Buses have been involved in a spate of recent incidents that have sparked a multi-agency crackdown on safety within the industry. Conducted by the Joint Heavy Vehicle Taskforce involving NSW Police and Roads and Maritime Service (RMS), Operation Hanly 2 is in full swing around the state inspecting fleets.
According to NSW Police, two serious incidents prompted renewed energy towards both private and public buses. On June 15, there was a serious crash at Glenmore Park while a couple of days later on June 19, there was a fatal crash at Mount Druitt.
Based on Australian Bureau of Statistics data, there were more than 93,000 buses operated both publicly and privately in Australia in 2013. This was a 2.7 per cent increase on 2012, and these statistics are predicted to only increase.
Close to 90 buses were inspected as part of the operation with more than 30 defective buses identified and taken off the road. The authorities investigated a range of infringements including driver fatigue, vehicle standards and road worthiness.

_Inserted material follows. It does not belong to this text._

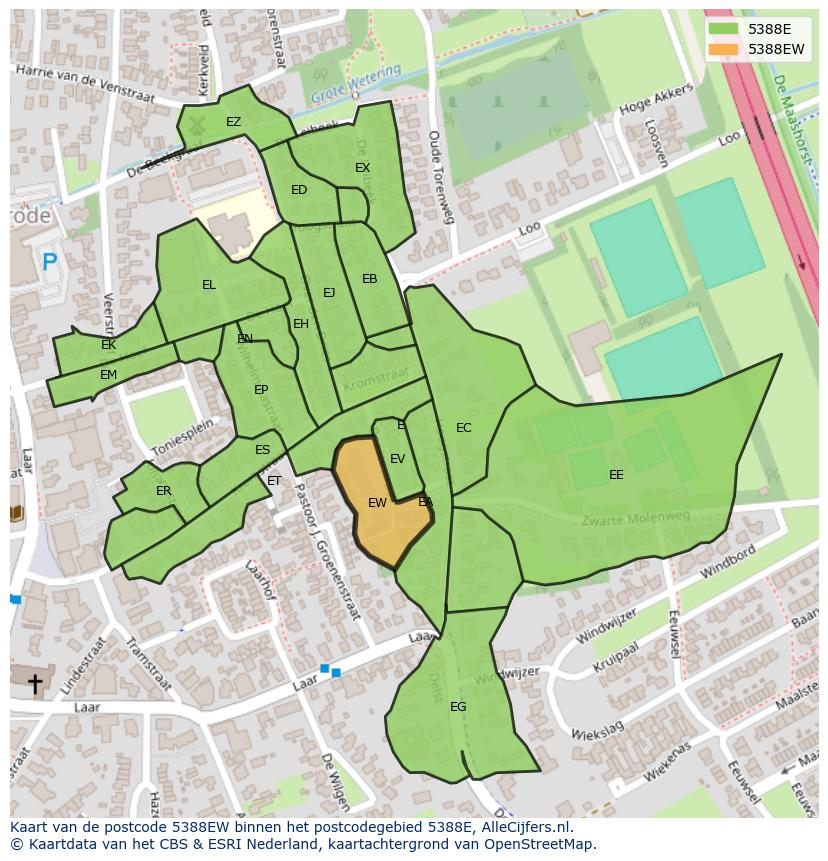 Afbeelding van het postcodegebied 5388 EW op de kaart.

Of the 32 buses found be to defective, six were considered major and as a result, a number of individuals and businesses received defect notices for warning lights, brakes, tyres, suspension and other issues.
Traffic and Highway Patrol Commander, Acting Assistant Commissioner Stuart Smith explained it was worrying that a number of the buses were being used as school transport.
“Given these large vehicles also transport our children to and from school each day, highlights why they must be mechanically sound and able to operate safely all of the time,” he said.
“Passengers getting on a bus and paying for the privilege expect the vehicle they are getting into is road worthy and safe.”
According to Transport NSW data, there have been six fatal bus crashes in 2014. This represents a 600 per cent increase on 2013 figures which suggests bus drivers and owners need to do more to ensure safety on the roads.
One particular example of a defective bus was highlighted as part of the reason to continue monitoring safety and compliance on passenger transport. A bus, which was part of a fleet, had no active brake lights and was immediately taken to Campbelltown Heavy Vehicle Safety Station for further analysis.
While the operation can’t check every bus in circulation, Roads and Maritime Services General Manager Compliance Operations, Paul Endycott said it was important to maintain standards as roads get busier every month.
“We are continuing our joint operation targeting bus companies to ensure vehicles are compliant but also to ensure drivers are fit and proper to operate passenger vehicles,” he said.
“The safety of all road users is of highest priority and we will continue to monitor operators throughout the state to ensure we can promote compliance and zero tolerance for any drivers who try their luck driving under the influence,” he said.
Assistant Smith also backs a continued crackdown on buses.
“As with other areas of the heavy vehicle industry, maintenance regimes must be followed effectively for the benefit of road safety,” he said.